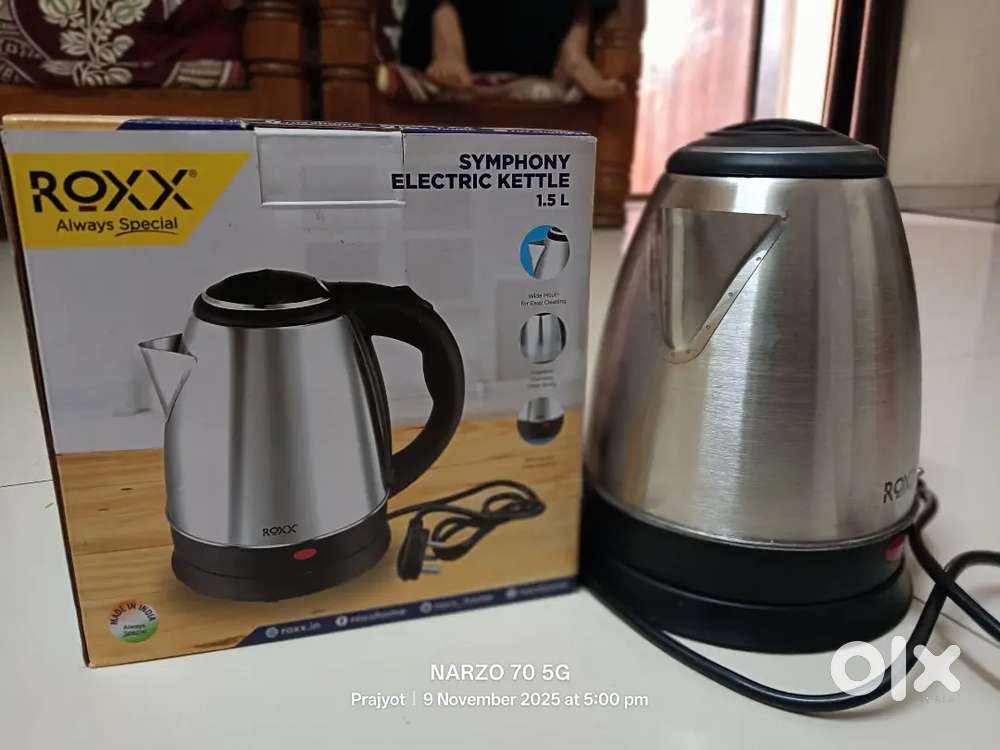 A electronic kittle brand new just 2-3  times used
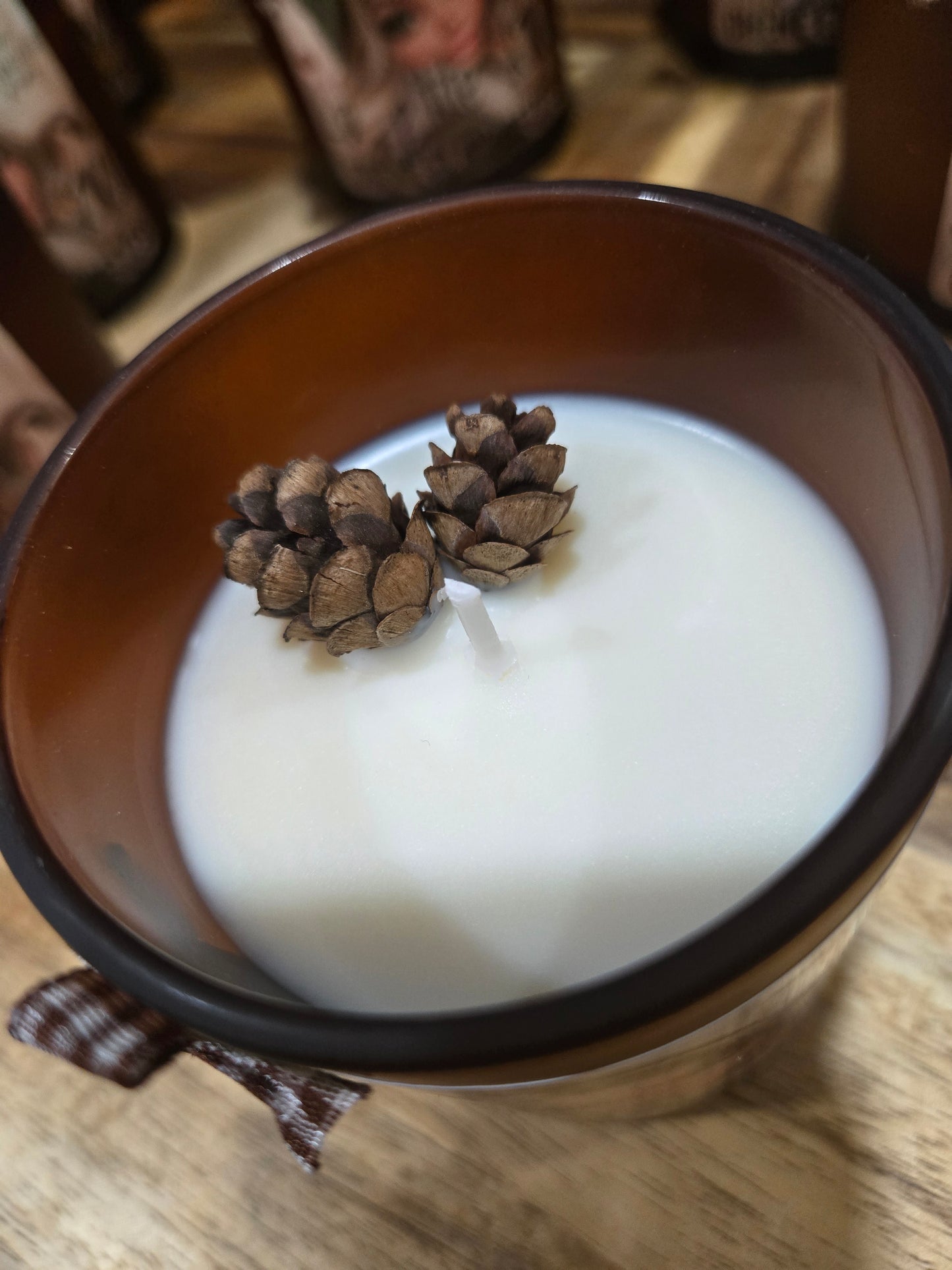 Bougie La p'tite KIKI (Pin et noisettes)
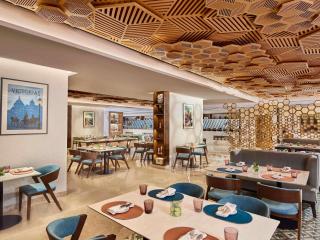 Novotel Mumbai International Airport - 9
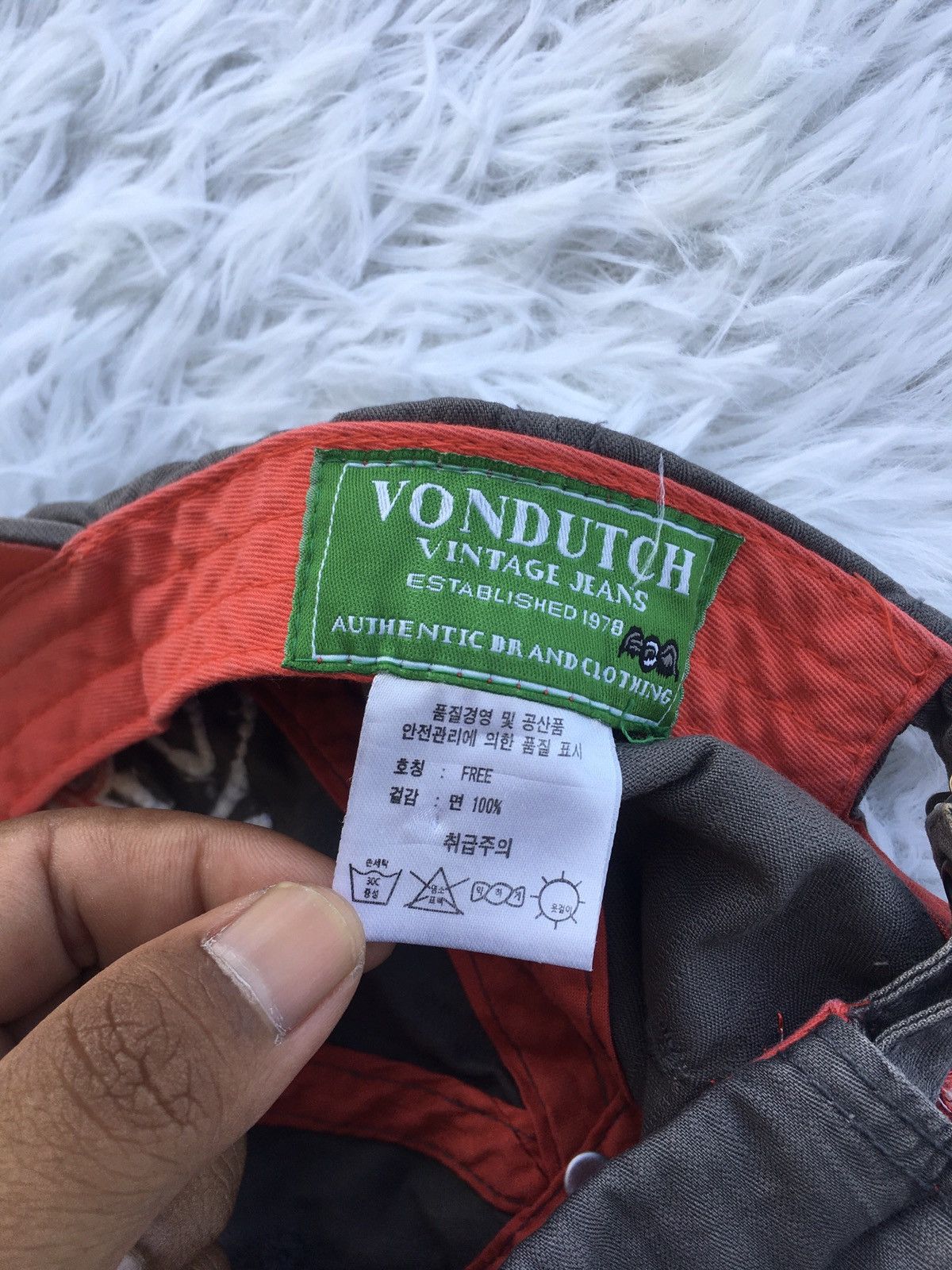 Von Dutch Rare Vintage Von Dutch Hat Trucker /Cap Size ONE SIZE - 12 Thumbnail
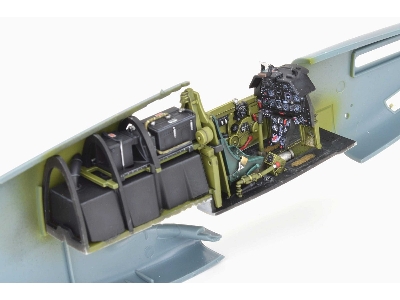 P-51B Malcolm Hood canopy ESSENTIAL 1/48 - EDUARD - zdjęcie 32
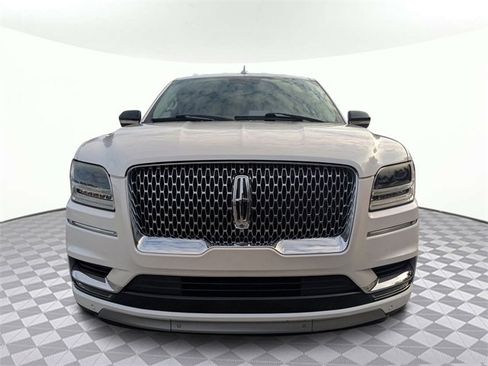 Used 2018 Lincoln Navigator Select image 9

◆ ◆ ◆ ◆

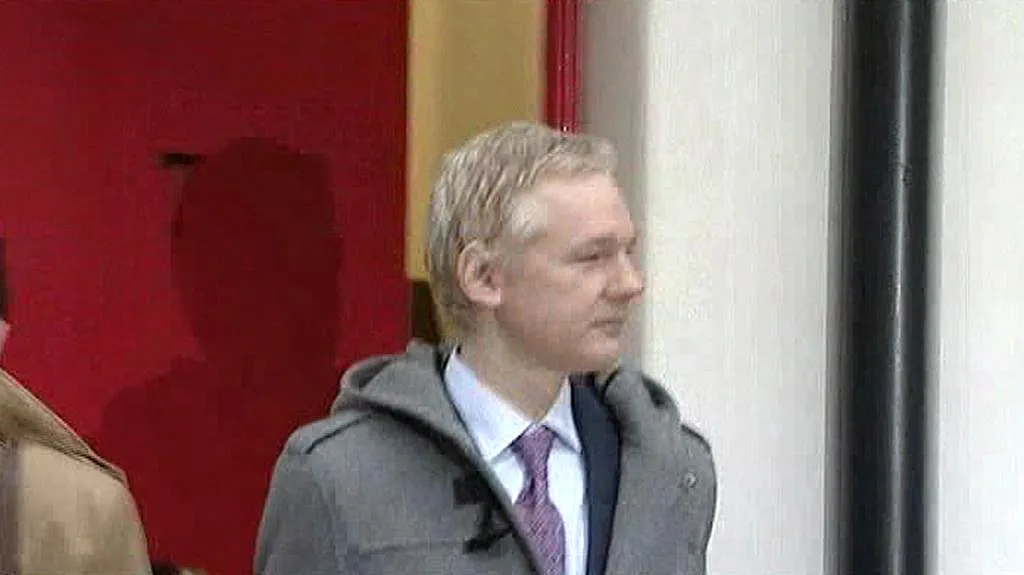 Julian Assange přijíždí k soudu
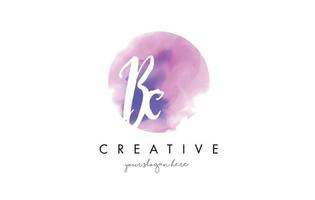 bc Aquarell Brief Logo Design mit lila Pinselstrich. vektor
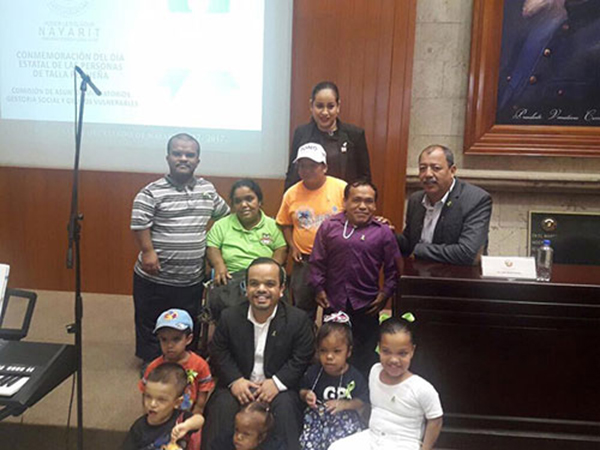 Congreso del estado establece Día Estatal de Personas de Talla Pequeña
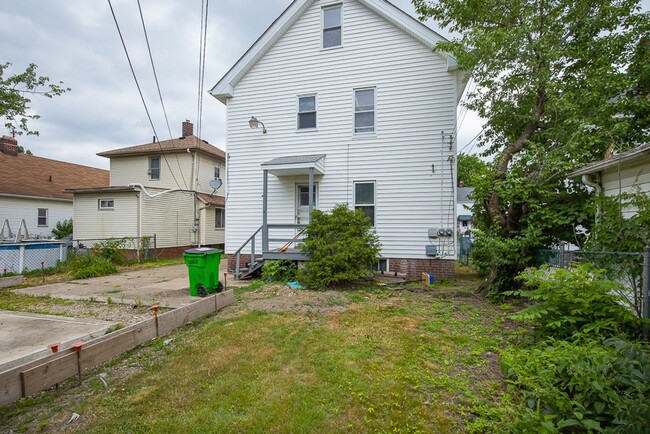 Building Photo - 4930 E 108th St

◆ ◆ ◆ ◆

WHAT IS BEING ASKED ->
Starting at the line above with "Von Dutch Rare", output every line exactly up to and including the line with "Used 2018 Lincoln Navigator Select image 9", but none of the pictures.

OUTPUT BELOW ->
 Von Dutch Rare Vintage Von Dutch Hat Trucker /Cap Size ONE SIZE - 12 Thumbnail
 P-51B Malcolm Hood canopy ESSENTIAL 1/48 - EDUARD - zdjęcie 32
 Used 2018 Lincoln Navigator Select image 9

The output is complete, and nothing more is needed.